A report by eMarketer, a digital marketing research firm, recently dug into just how much buying power Hispanic millennials in the United States have.
Apparently, they carry more than previous generations of Hispanic-Americans, according to Stephen Amendt, digital service manager at EC Hispanic Media.
"Their buying power often surpasses that of older Hispanic adults," Amendt said. "We see that reflected in the different ads that they view--especially in the automotive sector. We see them interested in buying newer cars than their parents are interested in."
But it's not only older generations who Hispanic millennials outspend. Despite earning less than non-Hispanic whites on average, Hispanic millennials spend 10% more.
That trend may only increase, as Hispanics now pursue higher education at a faster clip than non-Hispanic whites, with 49% of Hispanics enrolled in higher education compared with 47.2% of non-Hispanic whites.
Other findings in the report that credit unions should note, meanwhile, were that Hispanics have taken to mobile technology just as much as other demographics.
The reason? Privacy, and independence.
"There's often one computer at home shared by the entire family," said Nancy Tellet, senior vice president of research and consumer insights at Viacom's Tr3s Digital. "They don't want to wait in line to get on the computer. And privacy, you don't want someone else to see what you're doing. If it's a shared computer, that's hard to avoid. To them, smartphones are a form of digital independence."
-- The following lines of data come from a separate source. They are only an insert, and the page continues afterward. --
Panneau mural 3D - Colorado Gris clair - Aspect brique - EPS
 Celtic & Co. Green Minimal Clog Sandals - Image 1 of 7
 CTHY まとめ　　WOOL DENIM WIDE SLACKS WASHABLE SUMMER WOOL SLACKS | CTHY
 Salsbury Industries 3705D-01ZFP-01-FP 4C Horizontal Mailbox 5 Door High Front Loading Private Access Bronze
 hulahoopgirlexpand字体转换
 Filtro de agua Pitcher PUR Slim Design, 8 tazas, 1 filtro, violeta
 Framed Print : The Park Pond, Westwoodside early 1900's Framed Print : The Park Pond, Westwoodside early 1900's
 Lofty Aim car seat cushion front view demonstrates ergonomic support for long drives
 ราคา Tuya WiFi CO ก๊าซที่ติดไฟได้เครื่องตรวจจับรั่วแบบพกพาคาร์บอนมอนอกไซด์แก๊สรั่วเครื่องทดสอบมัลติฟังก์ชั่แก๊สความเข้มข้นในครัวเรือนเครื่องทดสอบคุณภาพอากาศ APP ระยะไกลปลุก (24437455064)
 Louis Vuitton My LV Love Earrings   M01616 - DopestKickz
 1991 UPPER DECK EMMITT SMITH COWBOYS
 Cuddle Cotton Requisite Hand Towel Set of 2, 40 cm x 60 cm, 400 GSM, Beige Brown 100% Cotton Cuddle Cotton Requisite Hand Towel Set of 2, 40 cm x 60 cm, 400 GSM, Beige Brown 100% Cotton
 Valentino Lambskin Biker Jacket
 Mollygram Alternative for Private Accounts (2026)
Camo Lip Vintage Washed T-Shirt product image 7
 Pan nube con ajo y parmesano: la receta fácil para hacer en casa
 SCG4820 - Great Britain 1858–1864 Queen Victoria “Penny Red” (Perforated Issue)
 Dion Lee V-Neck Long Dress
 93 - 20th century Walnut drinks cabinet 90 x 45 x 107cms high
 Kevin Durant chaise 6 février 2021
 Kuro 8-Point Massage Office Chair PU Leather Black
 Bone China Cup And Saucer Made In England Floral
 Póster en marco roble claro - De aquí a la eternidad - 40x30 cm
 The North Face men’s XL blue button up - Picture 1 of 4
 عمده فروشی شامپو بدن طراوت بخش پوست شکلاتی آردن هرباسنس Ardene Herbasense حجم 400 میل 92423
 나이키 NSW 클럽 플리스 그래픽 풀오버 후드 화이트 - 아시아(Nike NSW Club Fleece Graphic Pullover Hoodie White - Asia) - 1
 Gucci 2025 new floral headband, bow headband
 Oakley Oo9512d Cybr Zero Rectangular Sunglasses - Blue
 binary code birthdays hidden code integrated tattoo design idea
And with those mobile devices, Hispanic millennials are participating in social media networks at a high rate as well. Nearly 85% of Hispanic Internet users between the age of 18 and 29 use Facebook, Twitter or some other social networking site.
This trend is especially apparent when comparing social media activity during award shows, which often attract high rates of social media use.
"You can't compare the number of tweets from the Academy Awards to the Latin Grammys because the audiences are different, but if you divide tweets by audience, our viewers are significantly more prone to tweeting than non-Hispanics," said Roberto Ruiz, senior vice president of Univision Communications.